__Task item__
Using the listing below, retype only the lines from the line with "Cổng chính của chợ Hòa Khánh" through the end, both ends included, and exclude the pictures.

__Dataset__
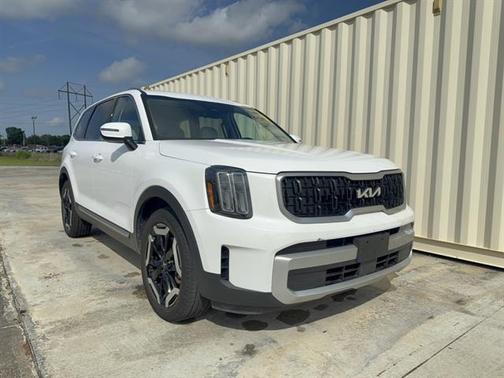 Glacial White Pearl 2024 Kia Telluride EX
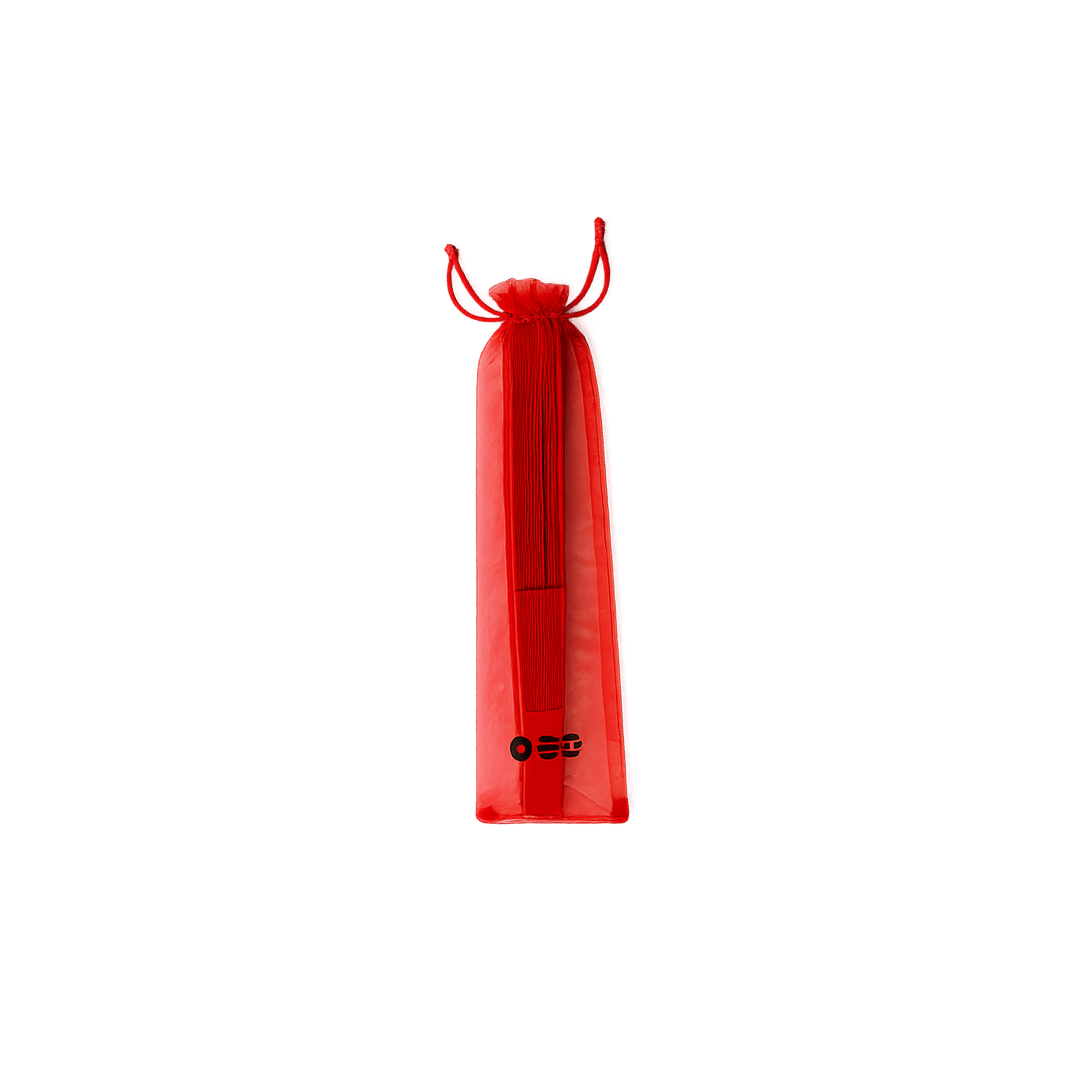 Abanico de Mano BTS Rojo Diseño Arirang Negro con Funda de Organza – Accesorio para Conciertos y Eventos ARMY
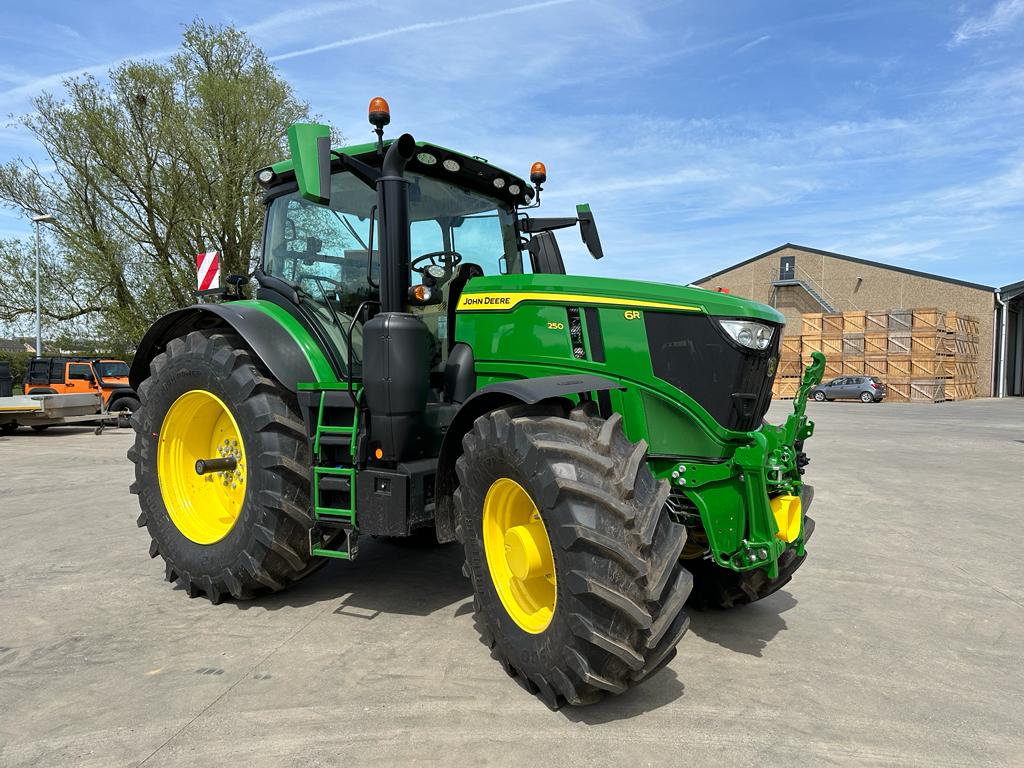John Deere 6R250 N° 1L06250RCPR183701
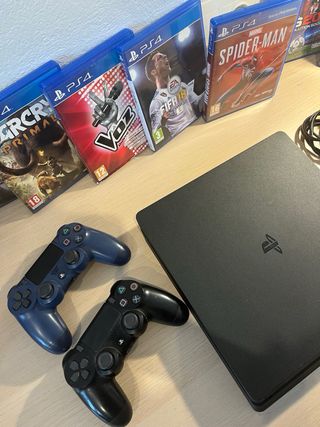PS4 Slim 500GB + 2 Mandos + 9 Juegos + Cascos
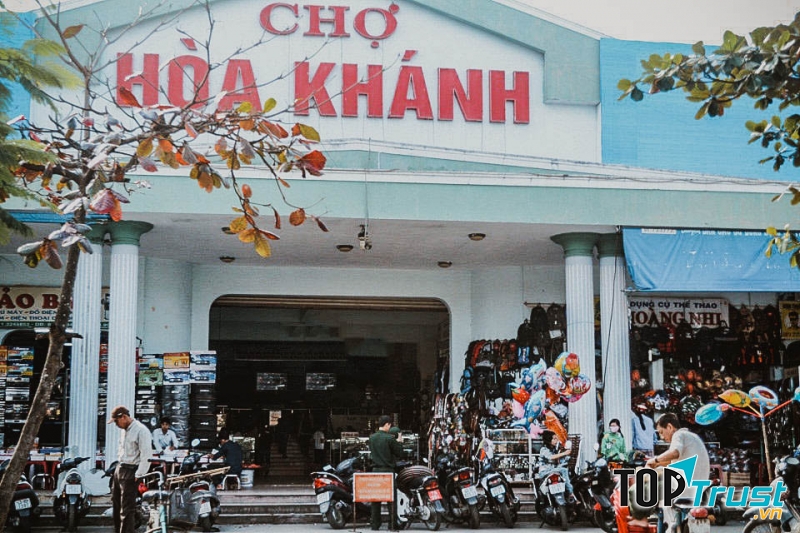 Cổng chính của chợ Hòa Khánh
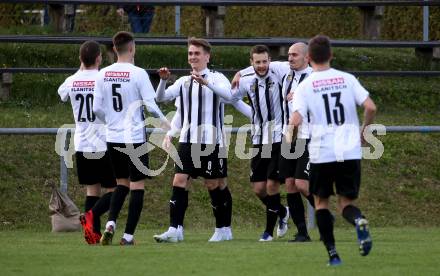 Fussball Kaerntner Liga. Bleiburg gegen SAK.  Torjubel  Mathias Robert Knauder (Bleiburg). Bleiburg, 16.4.2022.
Foto: Kuess
---
pressefotos, pressefotografie, kuess, qs, qspictures, sport, bild, bilder, bilddatenbank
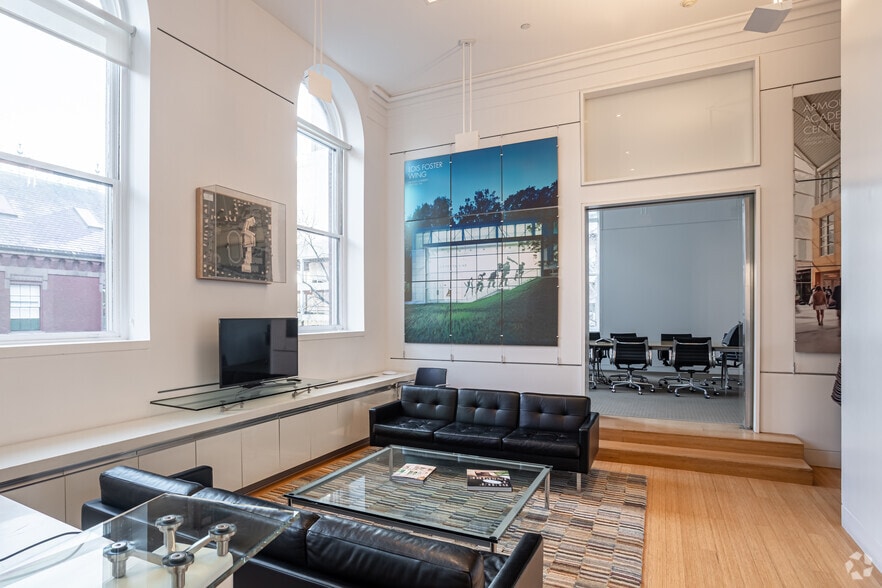 More Photos Of 47 Thorndike St, Cambridge Office For Lease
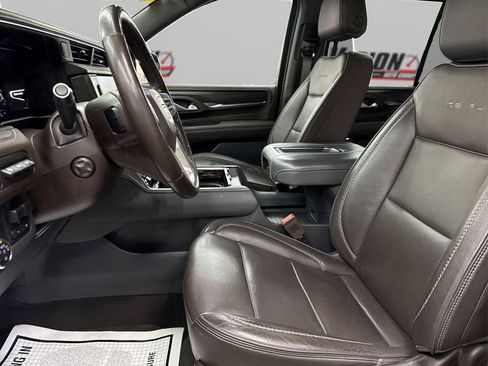 Used 2022 GMC Yukon Denali w/ Max Trailering Package image 9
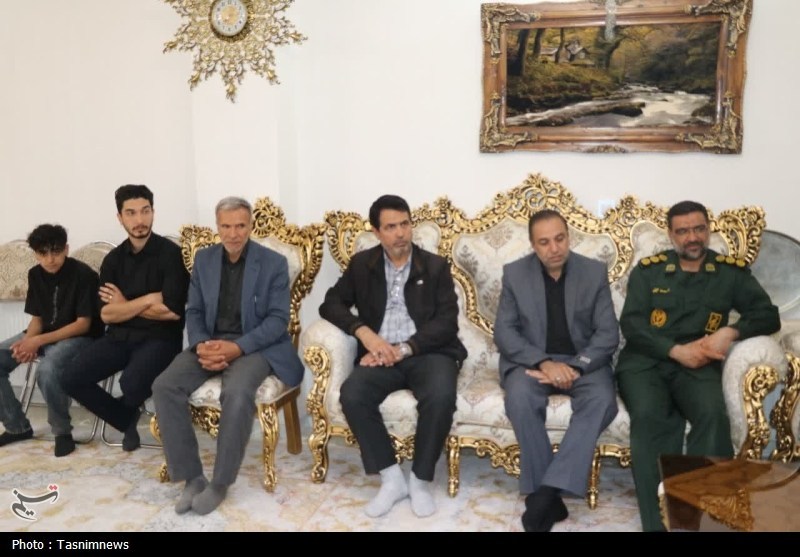 دیدار فرمانده سپاه زنجان با خانواده شهید سپهر محمدی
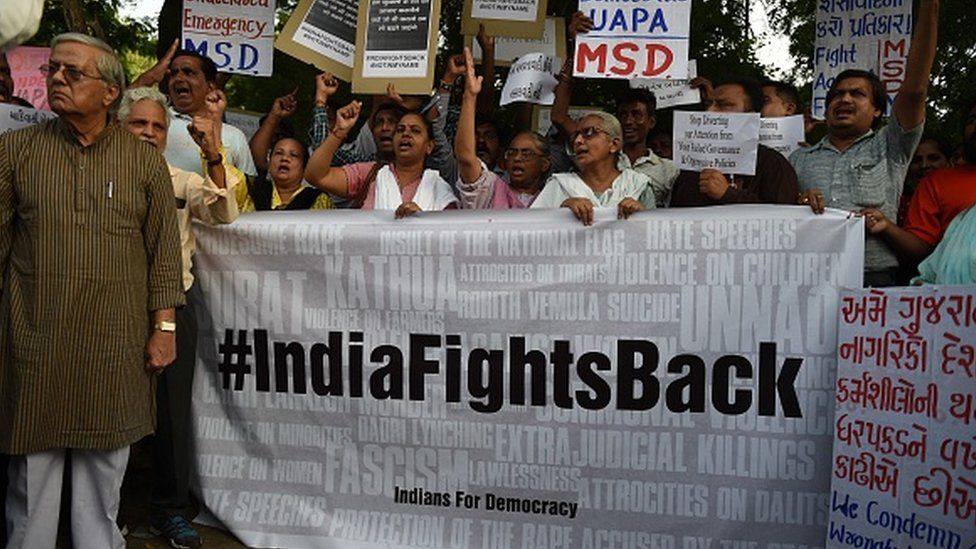 Индийские протестующие принимают участие в митинге против недавних арестов адвокатов и левых активистов в Ахмедабаде 5 сентября 2018 года.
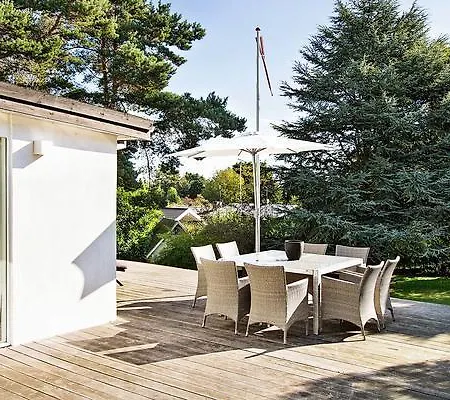 Three-bedroom Holiday In 別荘 Beder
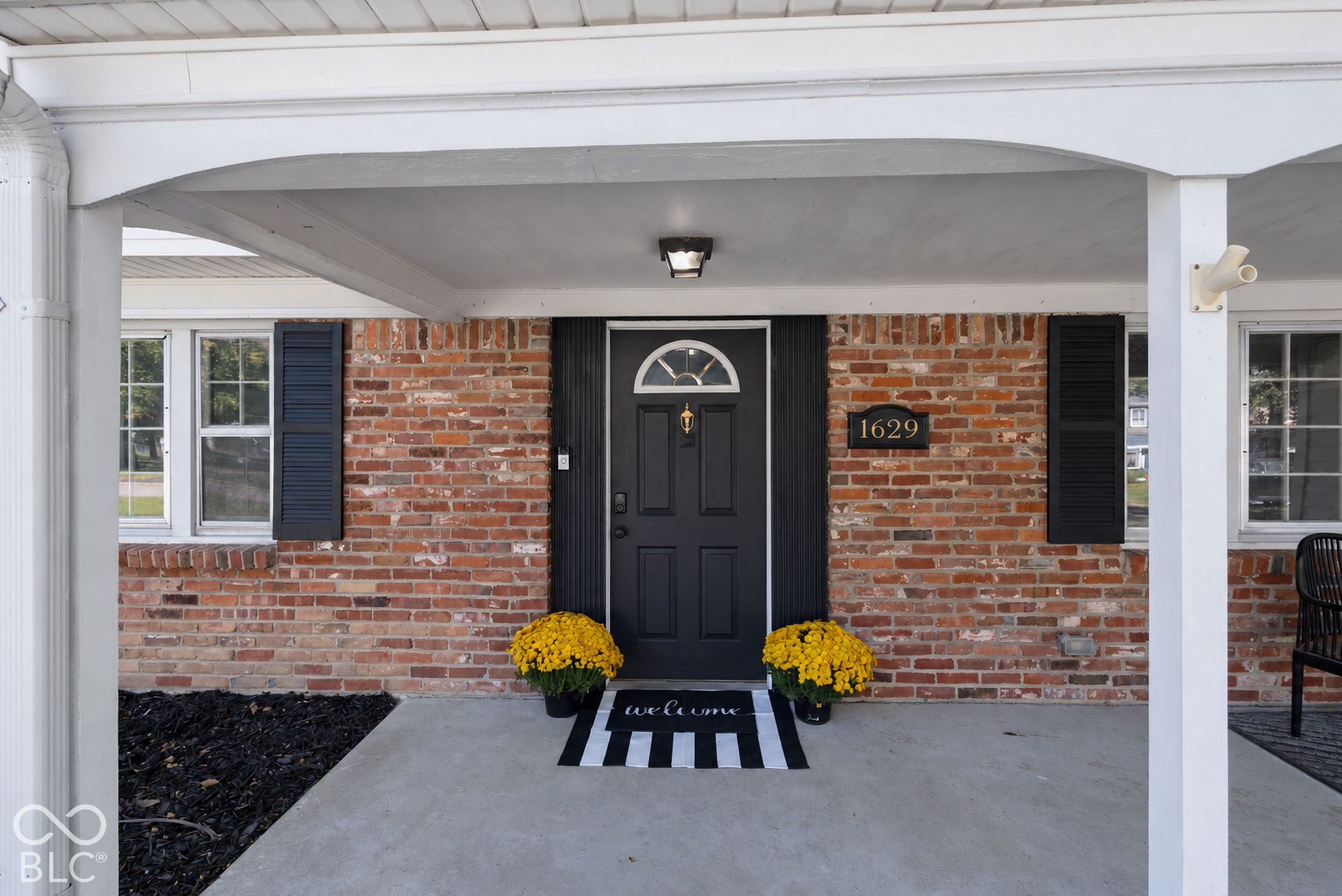 1629 W 74th Place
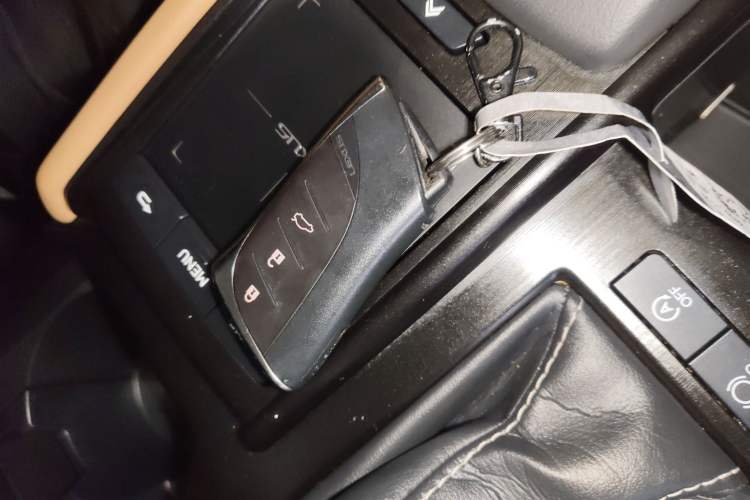 Used Lexus ES 2020 200 Excellence Edition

__Reply__
 Cổng chính của chợ Hòa Khánh
 Fussball Kaerntner Liga. Bleiburg gegen SAK.  Torjubel  Mathias Robert Knauder (Bleiburg). Bleiburg, 16.4.2022.
Foto: Kuess
---
pressefotos, pressefotografie, kuess, qs, qspictures, sport, bild, bilder, bilddatenbank
 More Photos Of 47 Thorndike St, Cambridge Office For Lease
 Used 2022 GMC Yukon Denali w/ Max Trailering Package image 9
 دیدار فرمانده سپاه زنجان با خانواده شهید سپهر محمدی
 Индийские протестующие принимают участие в митинге против недавних арестов адвокатов и левых активистов в Ахмедабаде 5 сентября 2018 года.
 Three-bedroom Holiday In 別荘 Beder
 1629 W 74th Place
 Used Lexus ES 2020 200 Excellence Edition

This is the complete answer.